An online petition by Twinsburg residents seeks to save the Old School from demolition.
No final decision on tearing it down the historic school building has been made as city officials continue to gather information. But city officials, including Mayor Katherine Procop, have said that the building should be demolished because it would be extremely expensive to retrofit.
City officials don't know yet how much it will cost to demolish the building.
But some residents want the city to restore the building and save it. Those behind the online petition, which has collected more than 140 signatures as of Sunday, say the building is part of the city's history.
The Old School in Twinsburg is a one of a kind Architectural Landmark. Removing it from our City would remove one of the highest profile structures in our community. Thousands of Twinsburg residents have gone to school there including employees of the Old Chrysler plant and Kent State/Geauga students. It could remain a central focus for Performing and Visual Arts, Ecclectic retail and up to 30% Condo/apartment as per City Zoning Regulations.
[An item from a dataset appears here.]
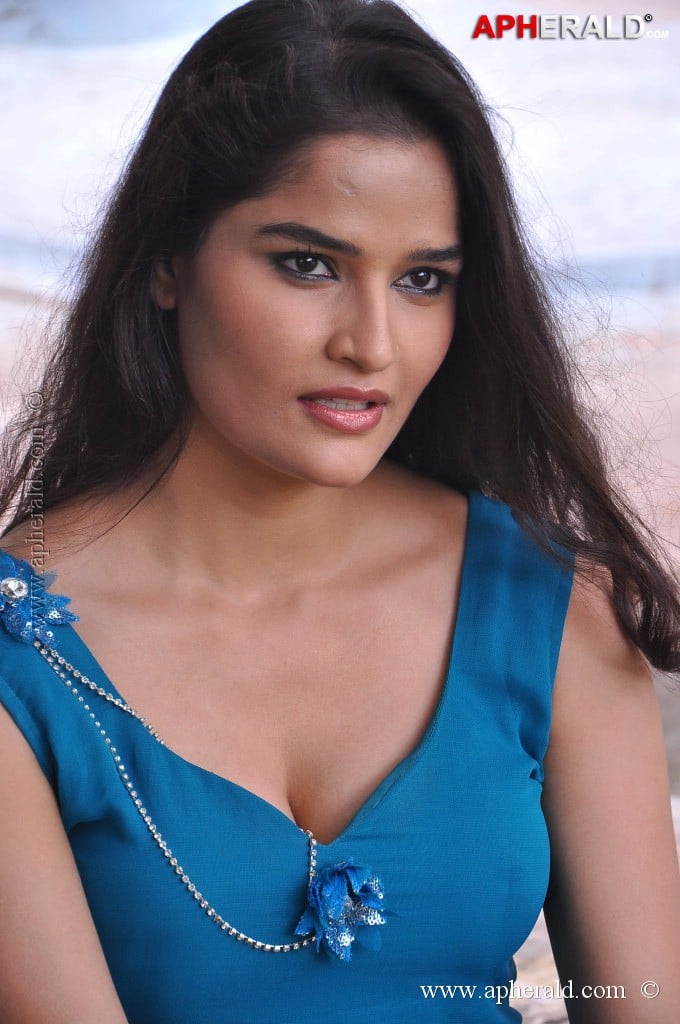 Sneha Thakur Hot Stills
The Old School was built in 1920 and was Twinsburg's only school until the late 1950s. It was closed as a school in 1992.
More recently, it was used by Kent State University, but the university moved out of the building last year when the new campus opened. The Twinsburg Community Theatre has used the building, but the city hopes to move the theatre over to the old township hall on the other side of public square if the sale of that building goes through.
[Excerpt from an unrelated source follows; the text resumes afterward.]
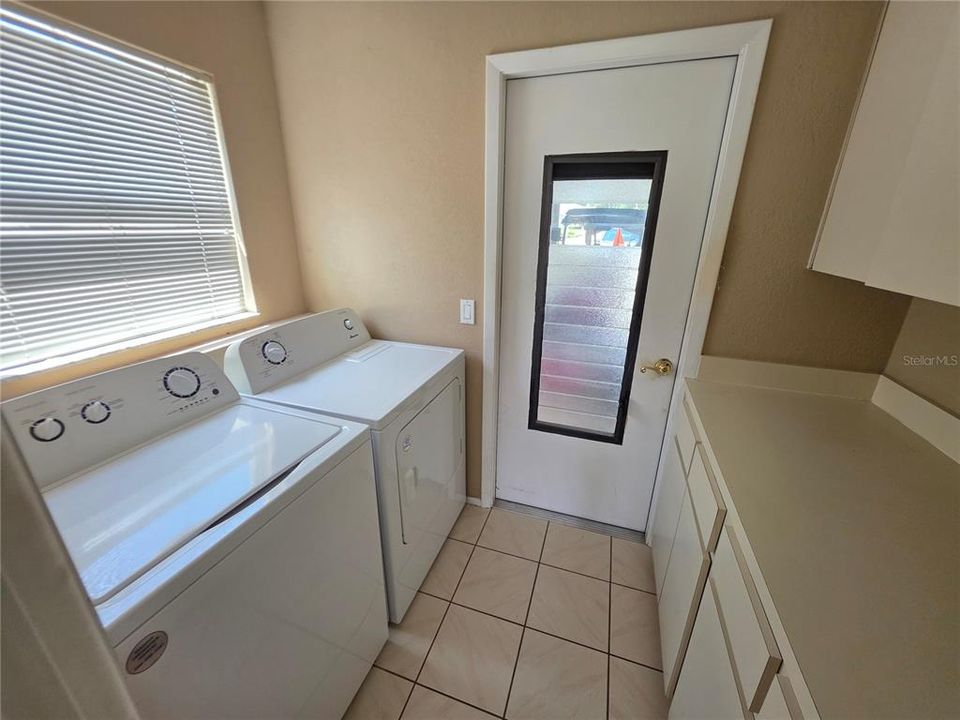 For Sale: $249,900 (2 beds, 2 baths, 1781 Square Feet)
Twinsburg-based Pervanje Architects conducted a general condition and code compliance assessment of the building a few years ago. The assesment helps officials understand what fixes are needed to make the building leasable.
Planning and Development Director Larry Finch said the building has numerous problems that make it practically unfixable.
And even once millions of dollars are sunk into it, it would cost about $700,000 in annual maintenance costs, Finch said.
It also would be difficult to market for businesses and other commercial uses.
Only about 46 percent of the building was considered leasable, Finch said. Most buildings have about 75 percent leasable space.
Last month, Procop said the Old School has been a liability for the city for some time and it's time to move on.
"I know this is an emotional decision for a lot of people but we have to look at the future of the community, how we are going to spend our money and preserve our assets," Procop said.